In 2008 I wrote an article about breastfeeding past the age of 12 months, and titled “Yes, Actually, Breast is Best” it was the most viewed (not to say read) article on the online WA Today site for days on end. Breasts sell. Breasts are “fun bags”. Breasts are about sex.

There are still people who are happier about babies drinking cow’s milk (straight from a cow’s breast, people, how creepy is that?) than about babies being breastfed. It’s time to face facts – our society has completely lost the plot when it comes to breasts. How do we regain the plot? There is only one way to normalise breastfeeding, and that’s to bring it out into the open. Do it in public. Do it at work. Do it in restaurants. Do it in parks. Do it on the train. Talk about it and write about it, in all its complicated glory. Yes, it sometimes hurts. Yes, it can be difficult. Yes, it can be an incredibly wonderful experience, even while hurting and being difficult. It doesn’t have to hurt – getting the right advice and support can change trauma to transcendent glory within days, but it is hard to seek advice while the taboo remains.

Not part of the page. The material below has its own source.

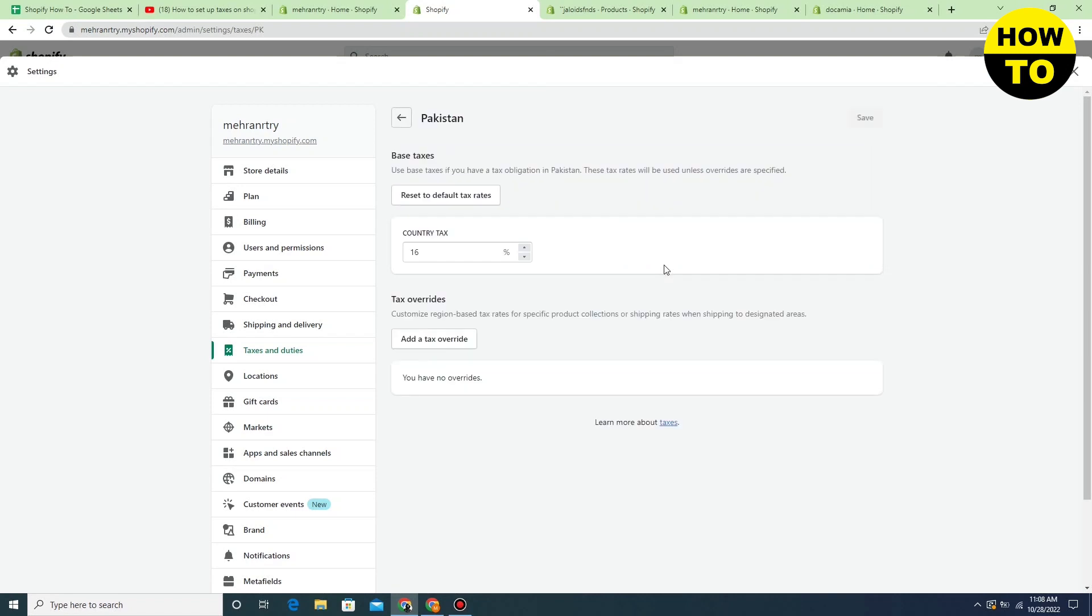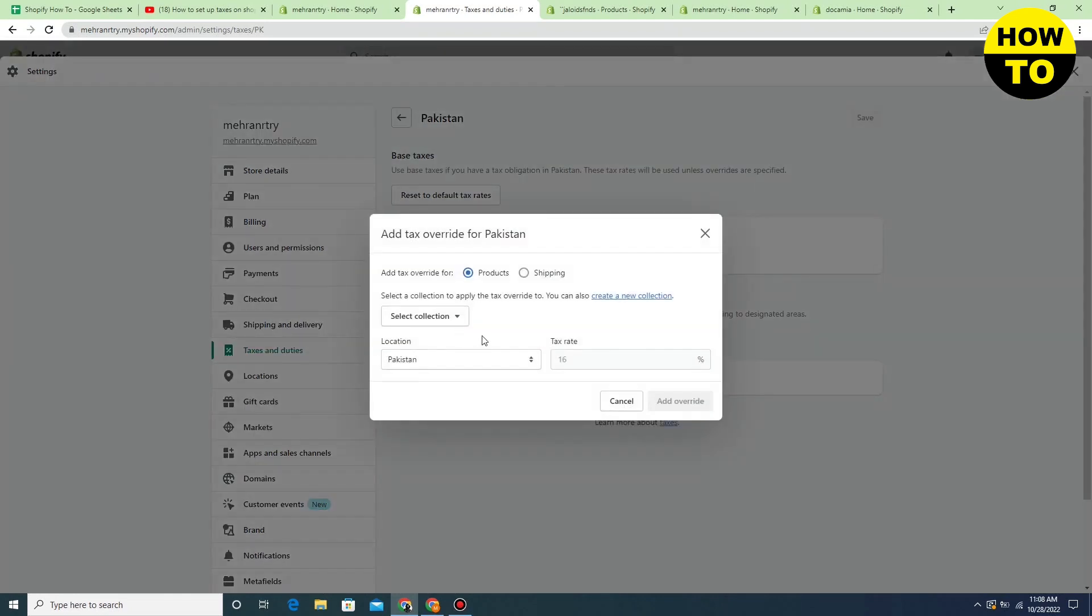So now here you can manage the taxes that you want to pay inside your country. So in my case you can see of the available taxes, 16 is already added.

Breastfeeding remains something that is often easier not to do – because we don’t talk about it, we don’t see people doing it, and we don’t cope with having breastfeeding mentioned, because it contains “the b word” – rejected by spam filters and society alike. New mums often have not seen anyone breastfeeding up close. They’re shy about feeding in public because the prevailing opinion is still, in 2010, that it is an embarrassing and shameful act that should happen behind closed doors.

We still have companies telling their employees to breastfeed or express in the toilets. Would you want to eat lunch, or have your lunch prepared in the toilet? I am happy to say that I breastfed anywhere and everywhere – if my girls were hungry, or simply wanted a feed, they got one. On ferries. In trains. In restaurants. In shopping centres. In the street. In school. At work. And that should be normal. No-one should be made to feel embarrassed, ashamed or awkward about breastfeeding anywhere.

Breast, breast, breast, breast, breast. Get used to it!